И тут Михаил Дудин начал приглашать почётных гостей праздника на сцену. Назвал фамилию: «Юлия Друнина». Сидевшая рядом со мной скромная тихая женщина встала и пошла на сцену… . Так я получил второй укор совести. Сидел рядом. Вёл беседу. И не знал, что это Юлия Друнина! Великая поэтесса двадцатого века. Фронтовик, Ленинградка. Я помню её «Зинку». Не всё. Но окончание мне врезалось навсегда:
Знаешь, Зинка, я  против грусти,
Но сегодня она не в счет.
Дома, в яблочном захолустье
Мама, мамка твоя живет.
У меня есть друзья, любимый
У нее ты была одна…

Это всегда меня трогает до слёз. Сколько таких  мамок осталось без своих кровинок Зинок, Ванечек….
Закончилась торжественная часть. Поэтов окружила толпа почитателей. Там же была  и моя новая знакомая «питерская дачница». Пробился поближе к  ней. Увидела. Улыбнулась. Взял её руку. Поцеловал.

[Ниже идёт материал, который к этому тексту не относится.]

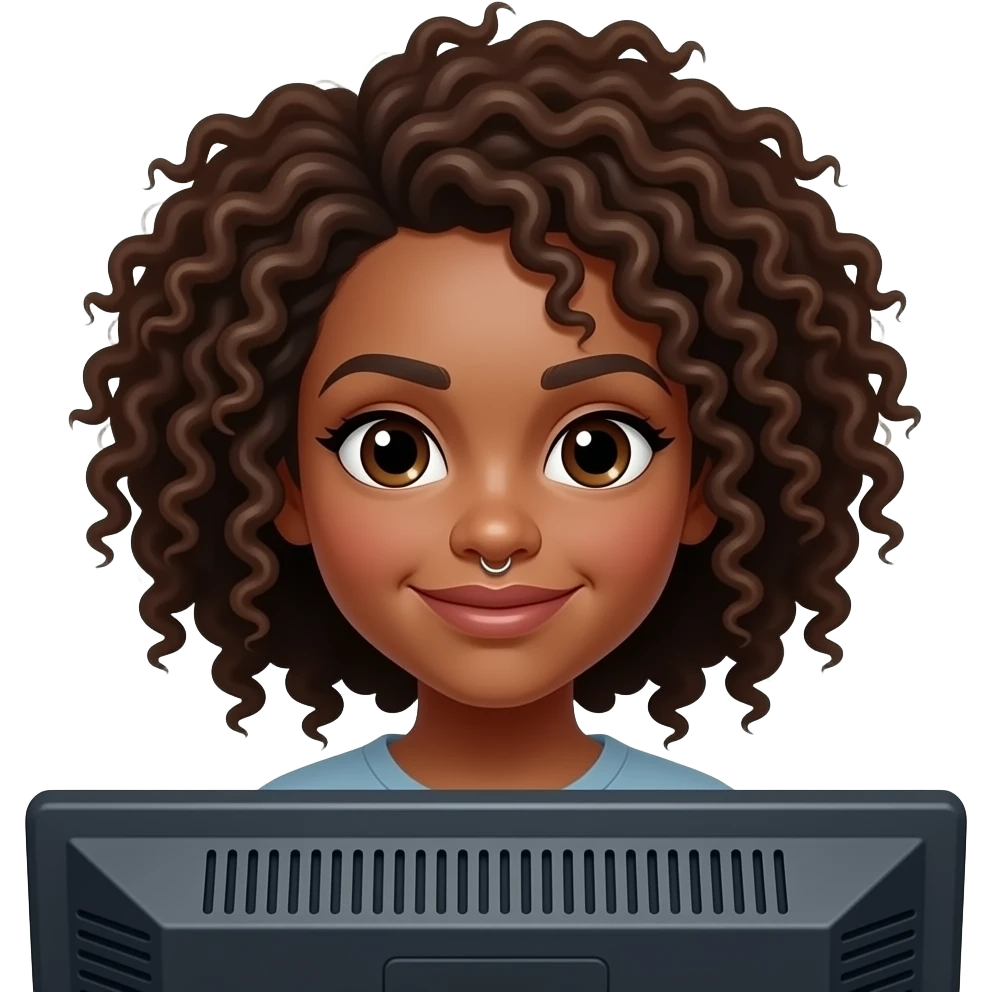 light-skinned black girl with curly brown hair with a nose percing coding in a pc emoji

– Простите, что не узнал. Ваша «Зинка» сидит у меня…, – показал на голову и на сердце. Спасибо.
Она погладила меня по голове и подарила свою задумчивую улыбку.

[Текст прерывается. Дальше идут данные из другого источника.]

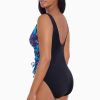 Swim Longitude | Ruffle Surplice Long Torso One Piece Swimsuit Gypsy Blue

Память о Юлии Друниной, о музее Станционного смотрителя остались в моей душе навсегда.
Знайте историю Родины. Очень неловко попадать в такие вот положения.
Продолжая полёты в последующие дни, нарушая указания диспетчера, изменяли курс полёта в сторону от того места, где был музей и стояла часовенка Косьмы и Дамиана. Мы словно боялись потревожить  место, где тело великого сына России покоилось лишь одну ночь.